People looking for a PA can write the job spec (eg 'must like football and have good sense of humour'), and tasks required. This makes the PA system the gold standard for giving people control over their own lives and treating them as grown adults, in a system that all too often wants to 'look after' people.

But I can’t help worrying that this progress will come undone in the face of the first abuse scandal. Because the fact is, PAs are unregulated. You can hire pretty much anyone to be a PA. You don’t need a criminal records check, you don’t have to require any training or references. This is a knotty issue. On the one hand, why should people have to carry out a CRB check to hire their daughter as their PA? On the other – many disabled people are vulnerable to financial, physical and emotional abuse. PAs coming in to people’s homes, to work unsupervised, unvetted and untrained could be a recipe for disaster.

Of course, we are talking about a tiny proportion of cases. And many local authorities and charities run schemes so people can hire ‘approved PAs’ (already vetted  and trained). But these are voluntary. And often pre-trained PAs can cost more. A person with a personal budget may decide the trade off is worth it, and go for the cheaper option.
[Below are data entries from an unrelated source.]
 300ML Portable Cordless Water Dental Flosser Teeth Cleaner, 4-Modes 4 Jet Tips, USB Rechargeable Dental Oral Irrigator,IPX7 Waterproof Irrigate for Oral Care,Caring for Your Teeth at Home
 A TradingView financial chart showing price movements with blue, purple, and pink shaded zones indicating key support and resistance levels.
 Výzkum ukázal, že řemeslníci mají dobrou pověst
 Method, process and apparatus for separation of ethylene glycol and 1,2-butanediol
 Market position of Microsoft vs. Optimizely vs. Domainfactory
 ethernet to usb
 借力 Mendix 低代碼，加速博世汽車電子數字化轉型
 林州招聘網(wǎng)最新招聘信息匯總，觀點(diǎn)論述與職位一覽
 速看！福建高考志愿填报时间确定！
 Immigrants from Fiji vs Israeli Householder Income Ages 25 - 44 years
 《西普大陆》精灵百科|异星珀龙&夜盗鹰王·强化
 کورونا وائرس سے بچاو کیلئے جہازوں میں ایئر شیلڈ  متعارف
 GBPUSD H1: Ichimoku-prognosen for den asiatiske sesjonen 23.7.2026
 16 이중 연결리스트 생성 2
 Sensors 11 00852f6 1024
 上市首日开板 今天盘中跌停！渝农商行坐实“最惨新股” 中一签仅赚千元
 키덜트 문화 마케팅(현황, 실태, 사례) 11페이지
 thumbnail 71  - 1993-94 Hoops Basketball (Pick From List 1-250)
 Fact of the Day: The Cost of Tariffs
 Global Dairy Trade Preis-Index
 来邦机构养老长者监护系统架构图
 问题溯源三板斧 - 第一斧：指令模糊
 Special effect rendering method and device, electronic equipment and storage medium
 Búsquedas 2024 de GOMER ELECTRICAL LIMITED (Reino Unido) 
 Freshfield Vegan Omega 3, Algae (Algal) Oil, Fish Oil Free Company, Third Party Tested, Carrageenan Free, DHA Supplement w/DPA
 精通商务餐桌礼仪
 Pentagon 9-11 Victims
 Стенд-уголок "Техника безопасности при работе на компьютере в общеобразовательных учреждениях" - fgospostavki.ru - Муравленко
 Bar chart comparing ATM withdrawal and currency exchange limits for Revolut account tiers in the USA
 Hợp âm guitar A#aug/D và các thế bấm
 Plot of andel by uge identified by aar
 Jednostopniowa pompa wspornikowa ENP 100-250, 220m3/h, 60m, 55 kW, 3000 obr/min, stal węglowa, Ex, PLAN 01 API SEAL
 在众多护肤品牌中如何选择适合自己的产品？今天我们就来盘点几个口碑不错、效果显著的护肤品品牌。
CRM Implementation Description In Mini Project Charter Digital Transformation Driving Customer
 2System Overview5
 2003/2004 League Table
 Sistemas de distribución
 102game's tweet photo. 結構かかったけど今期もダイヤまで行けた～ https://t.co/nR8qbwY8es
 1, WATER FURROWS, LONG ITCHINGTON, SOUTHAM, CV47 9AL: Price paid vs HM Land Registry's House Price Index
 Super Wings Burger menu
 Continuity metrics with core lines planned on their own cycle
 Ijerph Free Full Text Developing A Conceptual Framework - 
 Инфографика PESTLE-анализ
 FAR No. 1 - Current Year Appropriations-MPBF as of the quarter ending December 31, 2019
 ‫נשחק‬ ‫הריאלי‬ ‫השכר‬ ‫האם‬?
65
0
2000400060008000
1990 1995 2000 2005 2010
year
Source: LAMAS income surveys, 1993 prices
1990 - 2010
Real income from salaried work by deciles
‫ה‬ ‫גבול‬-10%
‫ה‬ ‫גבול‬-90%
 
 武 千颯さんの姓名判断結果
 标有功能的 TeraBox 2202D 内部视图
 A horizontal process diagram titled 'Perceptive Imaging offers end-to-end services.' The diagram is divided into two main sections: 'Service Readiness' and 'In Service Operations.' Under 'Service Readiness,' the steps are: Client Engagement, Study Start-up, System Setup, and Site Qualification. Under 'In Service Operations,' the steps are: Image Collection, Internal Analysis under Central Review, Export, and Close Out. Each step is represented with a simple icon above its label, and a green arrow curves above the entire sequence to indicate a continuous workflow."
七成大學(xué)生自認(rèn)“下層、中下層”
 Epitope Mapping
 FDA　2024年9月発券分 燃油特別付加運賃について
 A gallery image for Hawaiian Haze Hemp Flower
The issue is proving divisive. Social workers and many PAs themselves are calling for regulation. But others worry this will stifle the market and put off otherwise very talented PAs. Given the government’s new ‘common sense’ approach to safeguarding, we may never move from the current compromise of a partial and voluntary system.

The problem with compromises is that they are fragile. It will take just one extreme case of abuse, and related media outcry, for it to collapse. The resulting government backlash could see the imposition of a rigid safeguarding and inspection regime, possibly strangling the PA industry at birth.

This is why we need clarity asap. There is talk of a personal assistant strategy this year – even if the government resists a compulsory PA registration and abuse reporting system, if must at least articulate a coherent voluntary system, raise awareness of it and encourage care users to adopt it. And it would do well to bring together the plethora of guidance and training initiatives being carried out locally, to create a coherent vision of best practice for PAs.

Like all good bottom up movements, the PA market is growing faster than the government can strategise. But if it doesn’t catch up soon (if not with regulation, at least with recognition) then we open the door to over-regulation at the first safeguarding scandal. And that will be a lose-lose for all involved.